For all of the years of planning that Neiman put into the trip, he learned quickly that nothing goes to plan.
“You’ll see I had built out whole daily agendas, like every place I was going to stop along the way,” he said. There were a few reasons for this, in no small part because he wanted to know everything he was going to do along the route. But also, there were family considerations: His father was joining him on a pre-determined place on the trail to hike a section, he had to meet his wife at a wedding, and he had to be back in Los Angeles because he and his wife were moving to the East Coast.
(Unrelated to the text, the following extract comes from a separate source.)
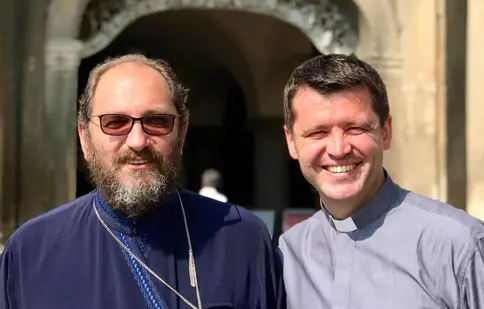 Părintele Constantin Necula și preotul catolic Francisc Doboș, invitații Irinei Păcurariu la „Rețeaua de idoli”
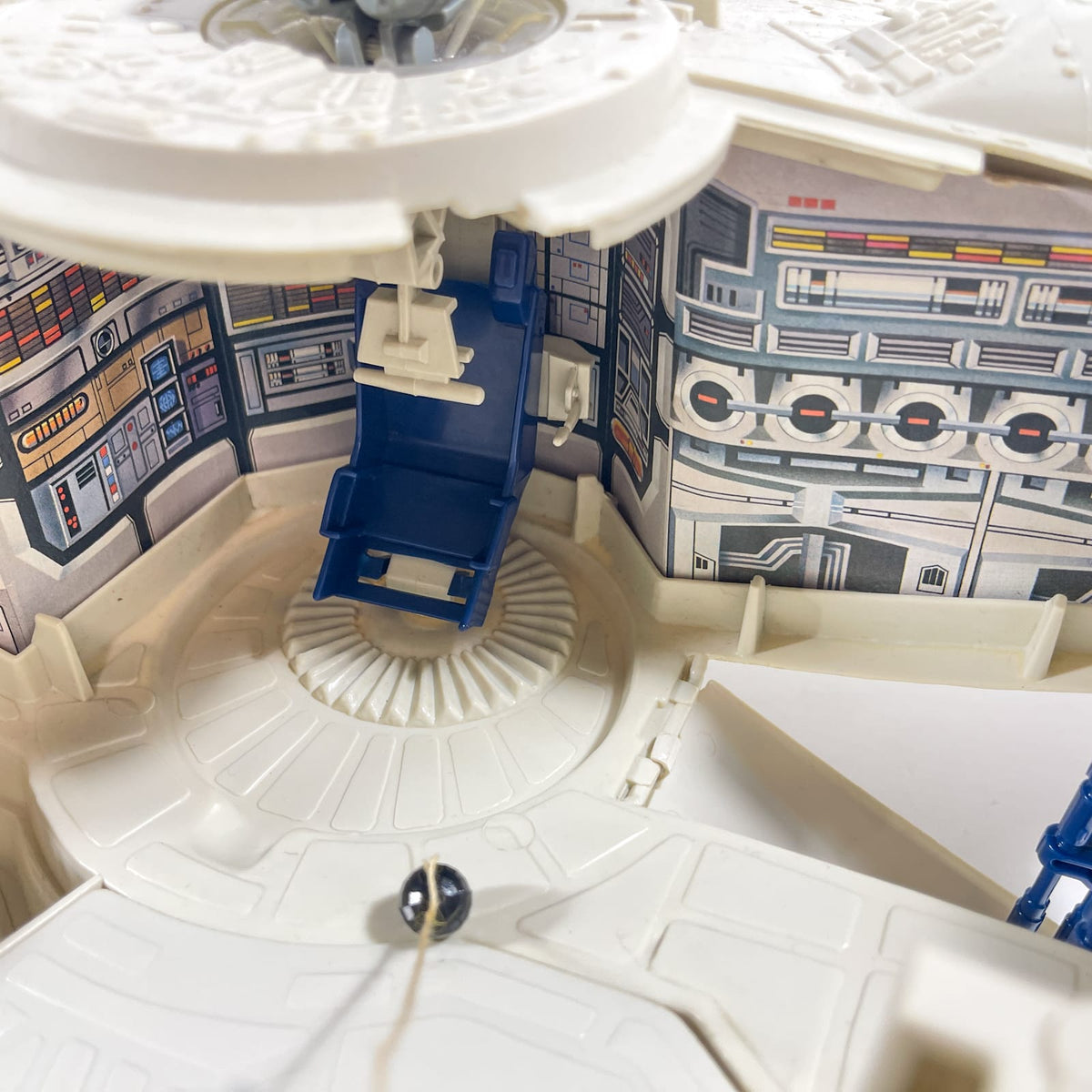 Vintage Kenner Star Wars Vehicle Millennium Falcon in Complete in Canadian SW Box - Vintage Star Wars (1978)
“The very first day, it all got thrown out the window because I’m sitting at LAX airport, and I was supposed to have a flight early in the morning that would drop me out there early afternoon,” he said. “I’d be able to get to the trail. I’d be able to have dinner with people; all these things I had planned. And my flight was delayed eight hours.”
Neiman’s pacing on the trail also got quickly thrown off.
“One of the things I really wanted was this community of hikers that was going to become your trail family,” he said. “And so I met with this group right away, and we became a family. We were hiking week over week, like every day together, and it was awesome, but they had a slower plan than I did, and I kept on getting further and further behind what I thought I needed to do.”
He then realized that, about four days before he was meeting his father, he was 150 miles away.
“There’s no chance,” he said.
Neiman’s book details the steps taken to meet his dad on the trail, when he flew home, and making up missing ground.
The book also strikes a middle ground between memoir and how-to guide.
“I tried to find a really cool balance,” he said. “I’ve read a lot of these books in the past, and they typically follow one of two paths: self-realization and personal emotional transformation, or the other ones are like Wild or A Walk in the Woods, which is just overly dramatic, all these horrible things that could happen.
“I did not have this, like, life-changing perspective or problems emotionally that I was working through. I just love hiking.”
Neiman hasn’t done a hike quite like the Appalachian Trail since having two young children makes it hard to take four or five months away from home. But yearly, two of his friends he grew up with in Minneapolis, Adam Rosen and Max Puchtel, do a one-week hike each summer to national parks like Yosemite, the Grand Tetons, or Denali.
“I think what I want people to know most of all is, if there’s something that you’ve always wanted to do, don’t wait for it to happen. Make it happen yourself,” he said. “I waited 15 years to do this, which is a long time. A lot could have happened in those 15 years. And I never want to regret that I didn’t get to do something I wanted because life got too much in the way. You have to make it happen.”